In un contesto da villette a schiera all’americana si muovono i protagonisti del racconto: nuclei familiari solidi e felici, sotto la cui superficie di apparenza risciacqua il torbido, cozzano miserie dettate dalla difficoltà di essere genitori e individui decenti.

 

Nel vortice di Spinaceto c'è il dramma di essere figli inascoltati, abbandonati a vizi vuoti e continui, vittime delle altalenanti, feroci attenzioni di mamma e papà.

 

Ci sono le storie orribili e bisbigliate di padri e madri impreparati per il ruolo, di figli vessati da piccole grandi violenze (fisiche e psicologiche), silenziose imposizioni e consuetudini tanto orribili quanto socialmente accettate.

 

 

[Fratelli gemelli, autori e registi: Damiano e Fabio D'Innocenzo]

 

Quella mostrato da Favolacce è un micro-cosmo comunitario che non si limita ai soli sobborghi di Roma, ma che potrebbe essere pienamente applicabile a qualsiasi provincia italiana.

 

Tuttavia, contrariamente a quanto si potrebbe pensare leggendo queste righe, quello incorniciato dall'ottima fotografia di Paolo Carnera non è un dramma votato a grida mucciniane o a lacrimoni sommessi à la Ozpetek.

 

La critica di Damiano e Fabio D’Innocenzo - già collaboratori alla sceneggiatura di Dogman di Matteo Garrone - è sommessa e tagliente.
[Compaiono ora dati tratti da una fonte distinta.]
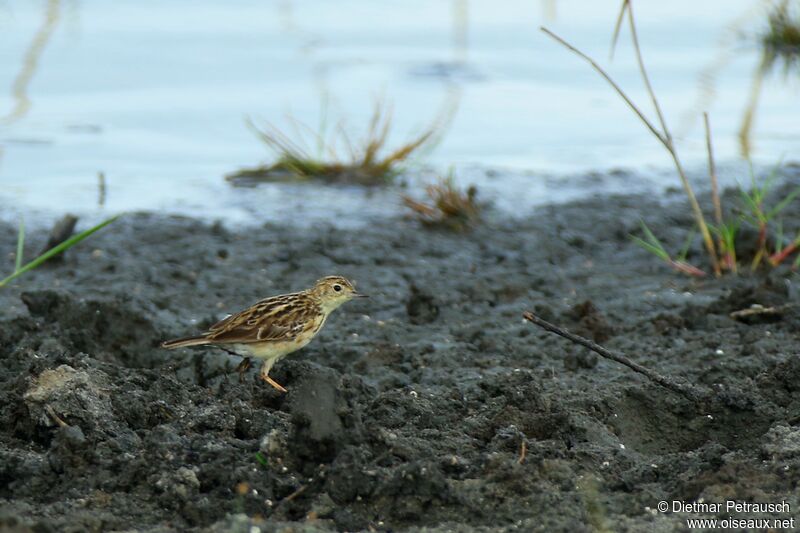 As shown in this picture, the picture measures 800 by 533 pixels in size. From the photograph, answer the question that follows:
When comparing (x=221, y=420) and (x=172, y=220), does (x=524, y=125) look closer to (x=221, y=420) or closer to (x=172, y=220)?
(x=172, y=220)

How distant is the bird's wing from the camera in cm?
732

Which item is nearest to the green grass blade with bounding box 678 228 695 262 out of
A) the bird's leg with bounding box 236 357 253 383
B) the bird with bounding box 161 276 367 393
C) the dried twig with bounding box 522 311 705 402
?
the dried twig with bounding box 522 311 705 402

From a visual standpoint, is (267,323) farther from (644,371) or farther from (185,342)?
(644,371)

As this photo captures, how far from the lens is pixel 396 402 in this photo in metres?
6.61

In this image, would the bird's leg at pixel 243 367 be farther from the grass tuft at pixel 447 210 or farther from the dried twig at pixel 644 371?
the grass tuft at pixel 447 210

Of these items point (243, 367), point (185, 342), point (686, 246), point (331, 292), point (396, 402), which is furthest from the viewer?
point (686, 246)

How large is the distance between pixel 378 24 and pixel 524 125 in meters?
4.50

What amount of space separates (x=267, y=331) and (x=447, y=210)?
4.28 m

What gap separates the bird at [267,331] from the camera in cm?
730

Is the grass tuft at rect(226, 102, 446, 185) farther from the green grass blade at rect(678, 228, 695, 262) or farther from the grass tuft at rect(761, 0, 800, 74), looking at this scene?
the grass tuft at rect(761, 0, 800, 74)

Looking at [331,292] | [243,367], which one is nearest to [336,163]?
[331,292]

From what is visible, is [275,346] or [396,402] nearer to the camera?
[396,402]

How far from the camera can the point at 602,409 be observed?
6.81m

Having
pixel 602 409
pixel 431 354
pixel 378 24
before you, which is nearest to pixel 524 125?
pixel 378 24
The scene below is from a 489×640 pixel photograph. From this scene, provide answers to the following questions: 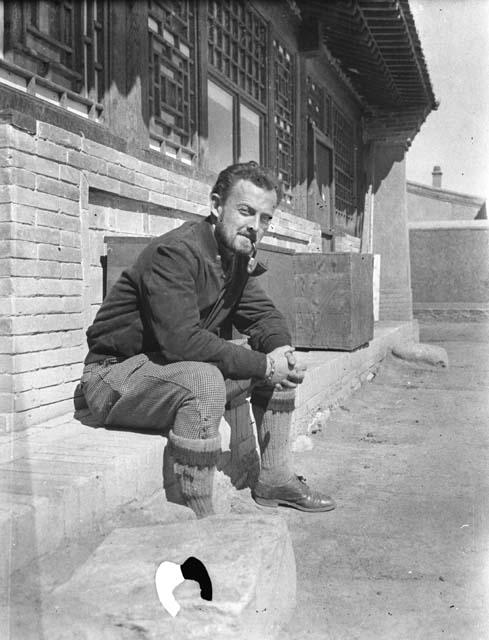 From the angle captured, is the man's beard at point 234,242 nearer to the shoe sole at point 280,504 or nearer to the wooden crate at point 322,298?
the shoe sole at point 280,504

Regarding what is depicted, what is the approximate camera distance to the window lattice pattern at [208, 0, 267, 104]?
652cm

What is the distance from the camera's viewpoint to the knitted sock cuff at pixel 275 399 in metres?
3.33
Non necessita di esplosioni violente, nutrendosi più realisticamente di gesti crudeli e nascosti, oltre che a primi piani eloquenti e campi lunghi dove la macchina da presa non si cimenta mai in virtuosismi inefficaci per la narrazione.

 

Quello delle Favolacce non è un melò per casalinghe annoiate, ma un film disturbante che si esprime per mezzo di non detti, toni sardonici e situazioni grottesche.

Un dramma scritto in maniera brillante (si è portato a casa il premio alla Miglior Sceneggiatura alla Berlinale 2020) che spacca l’animo dello spettatore, in silenzio, con modalità assolutamente inusuali per il Cinema italiano.

 

Nel cast si disimpegnano ottimamente “gli adulti”, specialmente Gabriel Montesi e Barbara Chichiarelli; non dello stesso livello i pargoli protagonisti del film che, purtroppo, ancora una volta, evidenziano la grande difficoltà dell'Italia nel produrre giovani attori che si dimostrino all'altezza del compito.

 

Per Elio Germano si sono esaurite le parole ormai da un pezzo: oltre a confermare una grande “varietà di ruoli” nel proprio repertorio, con Favolacce e Volevo nascondermi, ancora una volta dimostra di essere uno dei migliori attori dello stivale.

 

Il suo Bruno Placido è il prototipo perfetto dell’uomo meschino, del padre incapace e pusillanime.

 

 


 

Dopo La Terra dell’abbastanza, i due registi e autori classe ’88 confermano una consolidata maturità stilistico/rappresentativa e certificano le loro abilità di scrittura, mettendo in scena uno spaccato sociale marcio e desolante come non si vedeva dai tempi dei Brutti sporchi e cattivi di Ettore Scola.

 

Quello messo in mostra da Favolacce è un Cinema graffiante, di respiro europeo, che si discosta parecchio dal tenore dei drammi italiani visti e rivisti, avvicinandosi invece all’algida crudezza di produzioni vicine ai nomi di Michael Haneke, Todd Solondz e Yorgos Lanthimos.

 

Un Cinema da denuncia rassegnata e amara dove la speranza, nel finale, viene metacinematograficamente demolita con la forza di un telecomando utilizzato per uno scorrettissimo rewind... che però forse non lo è davvero.

 

Favolacce è un film ambizioso e ben costruito, non esente da difetti, che segna definitivamente l’ascesa di due autori che - al loro secondo lungometraggio - dimostrano di avere le idee ben chiare e le capacità per andare dannatamente lontano.